**What is being asked**
Could you please reproduce every record below exactly, leaving out the pictures?

-- Opening Marker --

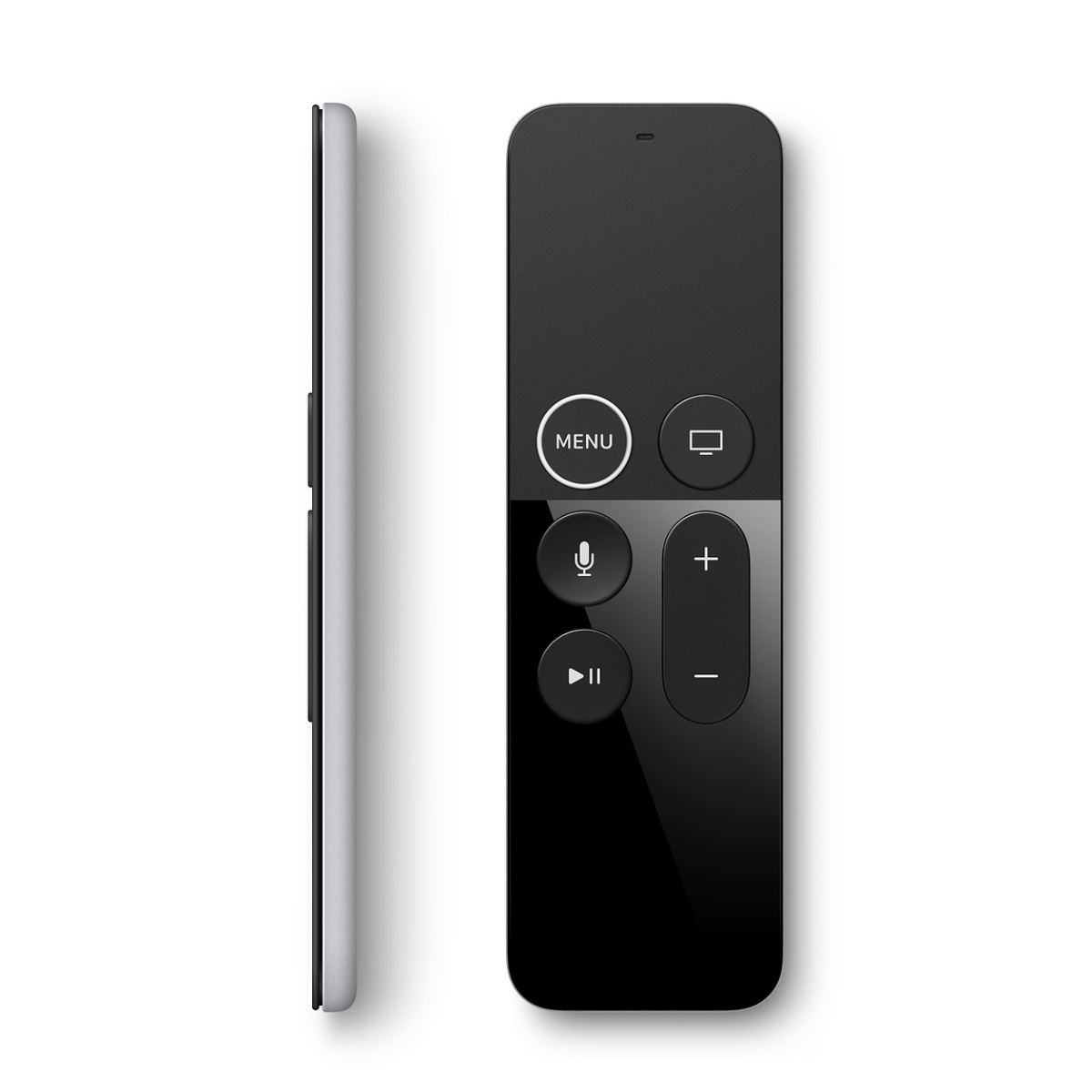 Apple TVのリモコンは使いにくい？テレビリモコンで操作しよう | 最新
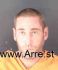 JAMES CHRISTIANSEN Arrest Mugshot Sarasota 01-27-2021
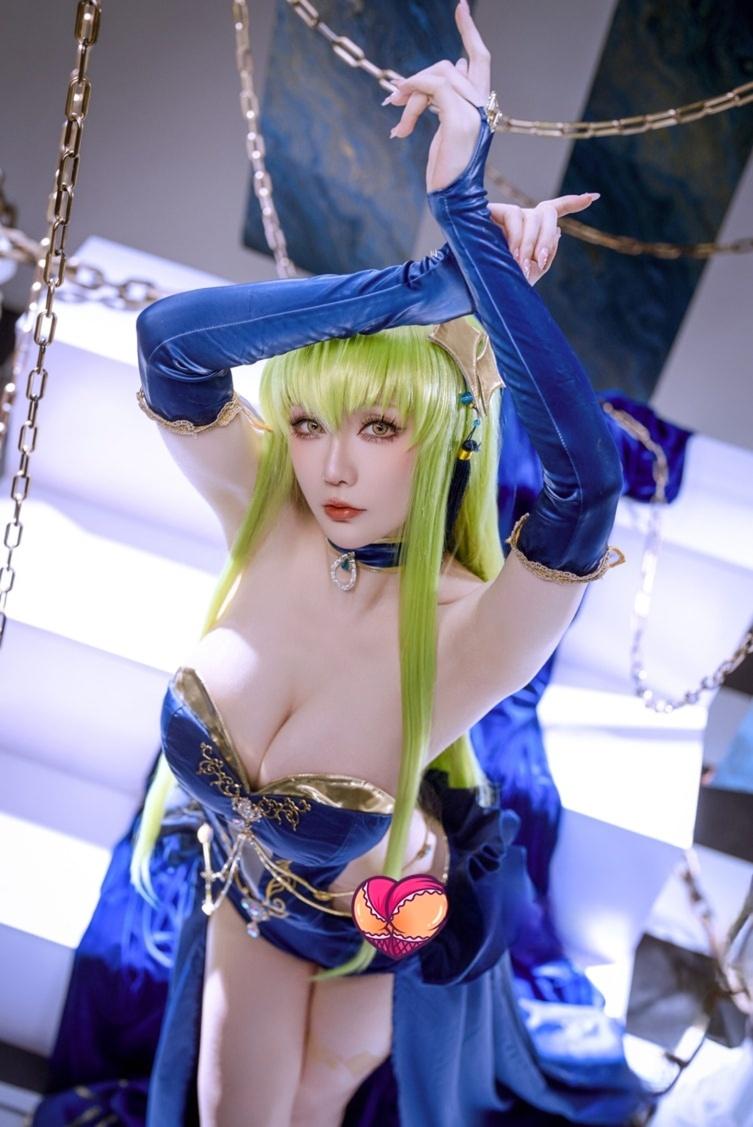 星之迟迟 2025年12月计划B 叛逆的鲁路修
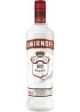 Smirnoff Vodka 750 ML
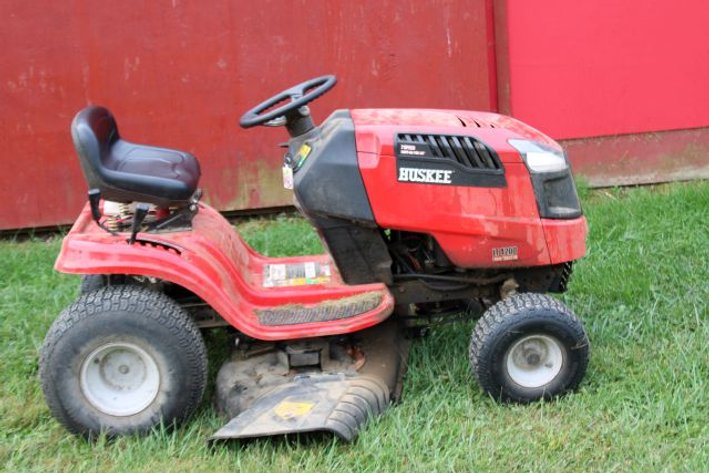 Image for MOVING SALE-TOOLS-FURNITURE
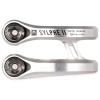 Ethic Sylphe V2 Clemă dublă Clemă Raw 34.9 mm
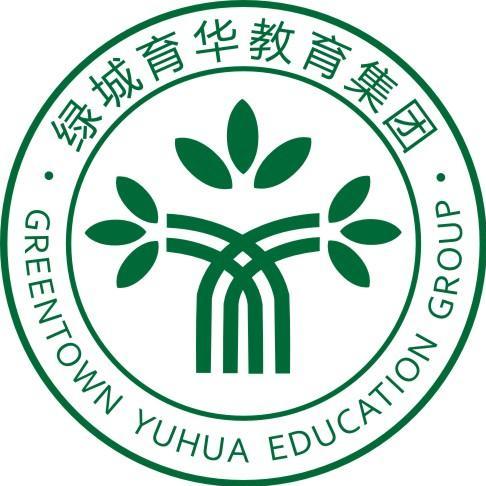浙江绿城教育投资管理有限公司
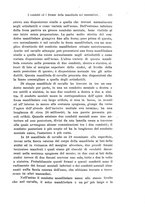 giornale/TO00176875/1909/unico/00000185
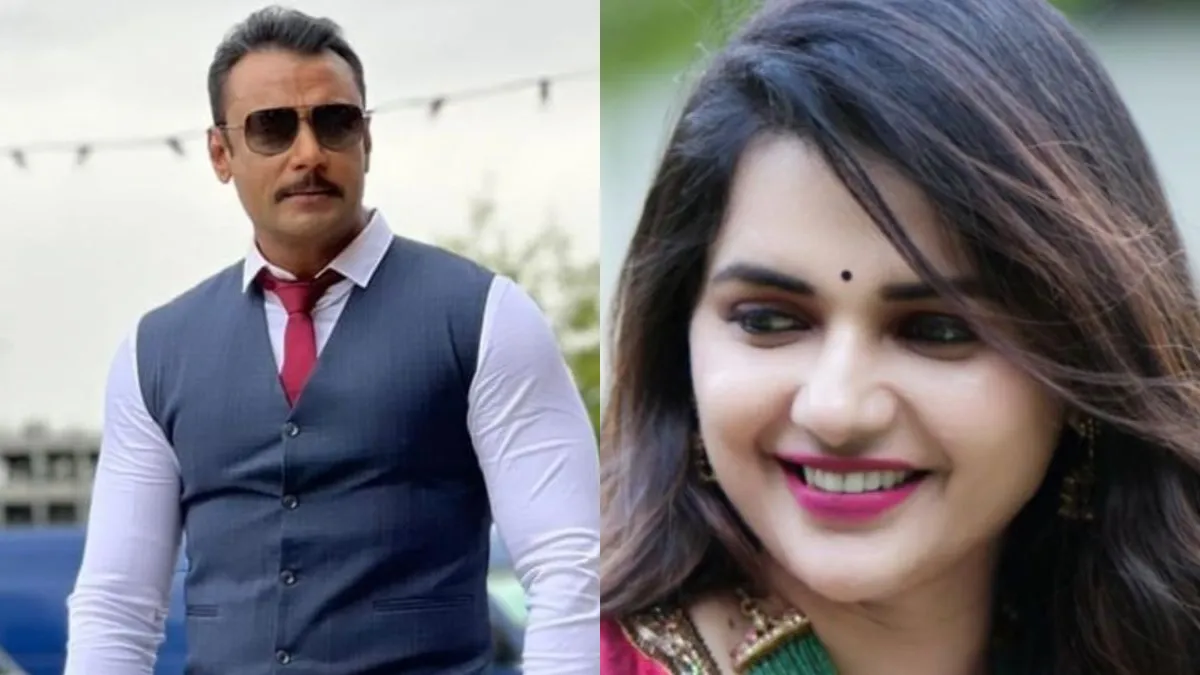renukaswamy-murder-case-darshans-wife-writes-to-bengaluru-police-commissioner-says-pavithra-gowda-not-married-to-actor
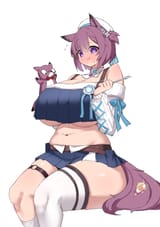__dur_nar_arknights_drawn_by_noe_ppppriver__496147233ee007c18e45026279f112c9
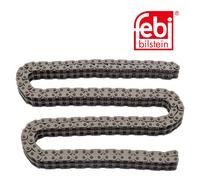 Febi BILSTEIN de Distribution Convient pour BMW 7er E38 740i Il 730i E32 8er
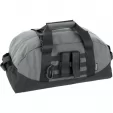 Maxpedition Baron Load-Out Duffel WG gear bags MX2126W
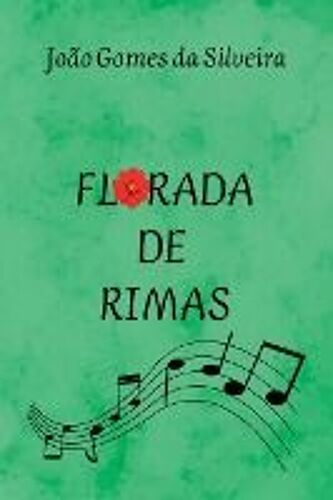 Florada De Rimas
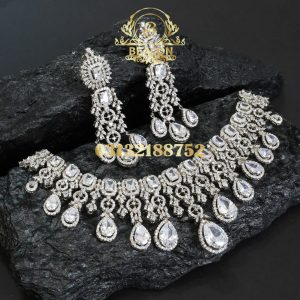 Bridal Sets Valima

-- Closing Marker --

**Finished task**
 Apple TVのリモコンは使いにくい？テレビリモコンで操作しよう | 最新
 JAMES CHRISTIANSEN Arrest Mugshot Sarasota 01-27-2021
 星之迟迟 2025年12月计划B 叛逆的鲁路修
 Smirnoff Vodka 750 ML
 Image for MOVING SALE-TOOLS-FURNITURE
 Ethic Sylphe V2 Clemă dublă Clemă Raw 34.9 mm
浙江绿城教育投资管理有限公司
 giornale/TO00176875/1909/unico/00000185
renukaswamy-murder-case-darshans-wife-writes-to-bengaluru-police-commissioner-says-pavithra-gowda-not-married-to-actor
__dur_nar_arknights_drawn_by_noe_ppppriver__496147233ee007c18e45026279f112c9
 Febi BILSTEIN de Distribution Convient pour BMW 7er E38 740i Il 730i E32 8er
 Maxpedition Baron Load-Out Duffel WG gear bags MX2126W
 Florada De Rimas
 Bridal Sets Valima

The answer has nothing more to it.